– Lutter contre les violences faites aux femmes #5 : En Côte d’Ivoire, avec Sylvia Apata

Tout au long des 16 jours d’activisme pour mettre fin aux violences faites aux femmes, Equipop interviewe ses partenaires sur leurs actions de lutte contre les violences basées sur le genre.

Sylvia Apata est Secrétaire exécutive de l’organisation des Citoyennes pour la Promotion et la Défense des Droits des Enfants, Femmes et Minorités (CPDEFM), juriste, experte en droits humains et enseignante vacataire en relations internationales. Elle est également cyberactiviste : son blog lui permet de sensibiliser des milliers de personnes en dénonçant les discriminations et les violations des droits que subissent les femmes, et en particulier les femmes africaines. Depuis 2019, elle est le point focal, en Côte d’Ivoire, du Réseau international des droits humains (RIDH). Elle compte également parmi les membres du Réseau Jeunes Féministes d’Afrique de l’Ouest.

Quels sont les enjeux actuels liés aux violences faites aux filles et aux femmes en Côte d’Ivoire?

Au niveau de la Côte d’Ivoire, les enjeux les plus actuels et les plus importants pour moi sont les violences conjugales, parce qu’on a constaté, comme partout dans le monde, une explosion des cas des violences domestiques pendant la pandémie Covid-19. En réalité, ces violences étaient déjà présentes, mais le confinement a permis de les rendre visibles, par des voisins par exemple. Autre constat : les nombreux cas de violences sexuelles, de viols et de pédocriminalité signalés au cours de cette période de pandémie.

Comment luttez-vous contre ces violences ?

Nous avons mené une enquête sur les violences domestiques, les féminicides, le viol, la pédocriminalité et l’accès aux contraceptions pendant le confinement. Nous avons fait des entretiens directs, interrogé les gens dans les rues, dans les commerces, devant les maisons et dans des administrations. Ce qui est sorti de cette enquête, c’est que les femmes étaient oubliées par les mesures prises dans le contexte Covid-19. Les questions de protection des droits des femmes et la santé sexuelle et reproductive ont été laissées pour compte. Par exemple, de nombreuses femmes n’ont pas eu accès à la contraception pendant le confinement.

A partir des données recueillies, nous pourrons mener un plaidoyer stratégique et puissant et demander des mesures concrètes pour que la situation des femmes s’améliorent. Il faut plus de centres d’hébergement et une prise en charge psycho-sociale des survivantes.

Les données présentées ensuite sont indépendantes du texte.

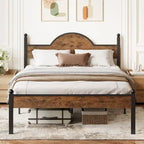 Queen Size Rustic Platform Bed Frame with Wood Headboard and Footboard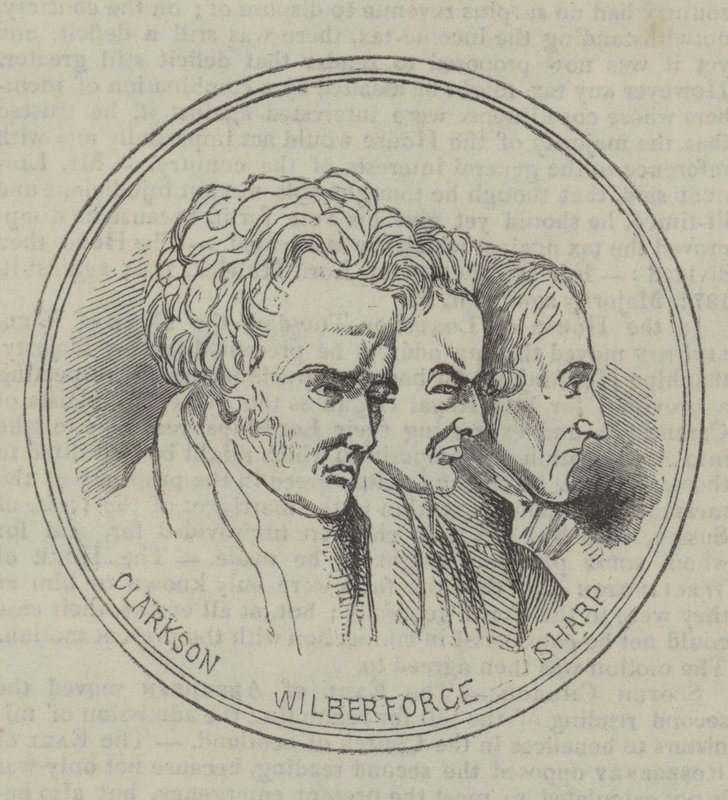 Przeciw niewolnictwu, Clarkson, Wilberforce, Sharp autorstwa English School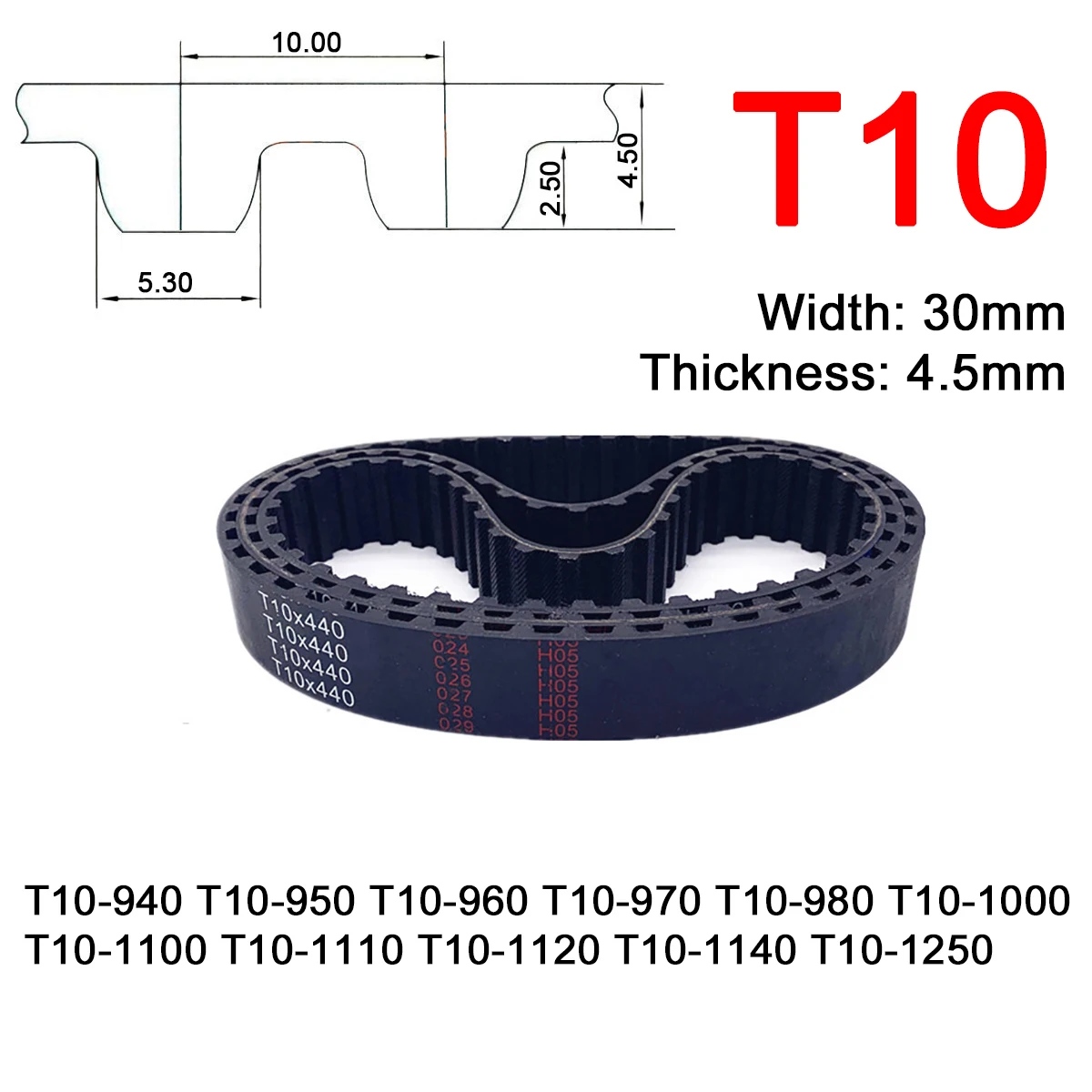 

1Pc Width 30mm T10 Rubber Arc Tooth Timing Belt Pitch Length 940 950 960 970 980 1000 1100 1110 1120 1140 1250mm Drive Belts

Parallèlement, il faut un volet économique. La pauvreté fait partie des violences faites aux femmes et aux filles. Les femmes qui sont victimes de violences conjugales sont souvent dans une relation de dépendance économique avec l’auteur de ces violences. Si on veut lutter contre ces violences, il faut donner les moyens aux femmes pour qu’elles soient autonomes, libres et puissent disposer d’elles-mêmes. Concrètement, il faut développer des Activités Génératrices de Revenu (AGR) pour ces dernières. Les fonds ou (micro-)crédits sont souvent liés à un grand endettement des femmes. Les  conditions de remboursement sont trop lourdes. Il faut que le gouvernement fasse en sorte que les banques permettent aux femmes d’avoir des crédits aux conditions de remboursement plus faibles et qu’ils soient accompagnées d’une aide à la gestion et à la comptabilité des finances.

Quels messages de plaidoyer portez-vous aujourd’hui ?

En Côte d’Ivoire le viol conjugal est mal légiféré dans le Code pénal. Avant la réforme de 2019, il n’y avait même pas de définition légale du viol mais avec la réforme, le viol est mieux définit.

Aujourd’hui, en Côte d’Ivoire, une femme mariée est toujours perçue comme consentante. Cette présomption de consentement doit être changée dans le Code pénal. Et comme la CEDAW (Convention sur l’élimination de toutes les formes de discrimination à l’égard des femmes) le demande, il faut qu’il y ait un régime juridique spéciale pour les violences faites aux femmes et aux filles.Il est important de noter que ce sont les jeunes femmes activistes qui ont commencé à parler des violences domestiques. Il faut encourager ces jeunes féministes ivoiriennes qui, comme moi, ont le courage de dénoncer. Au niveau national, il faut nous accompagner et nous protéger. Nous recevons de nombreux encouragements pour notre travail, mais également des menaces de viol parfois de mort. Nous avons besoin que la sécurité des défenseuses des droits des femmes soit assurée.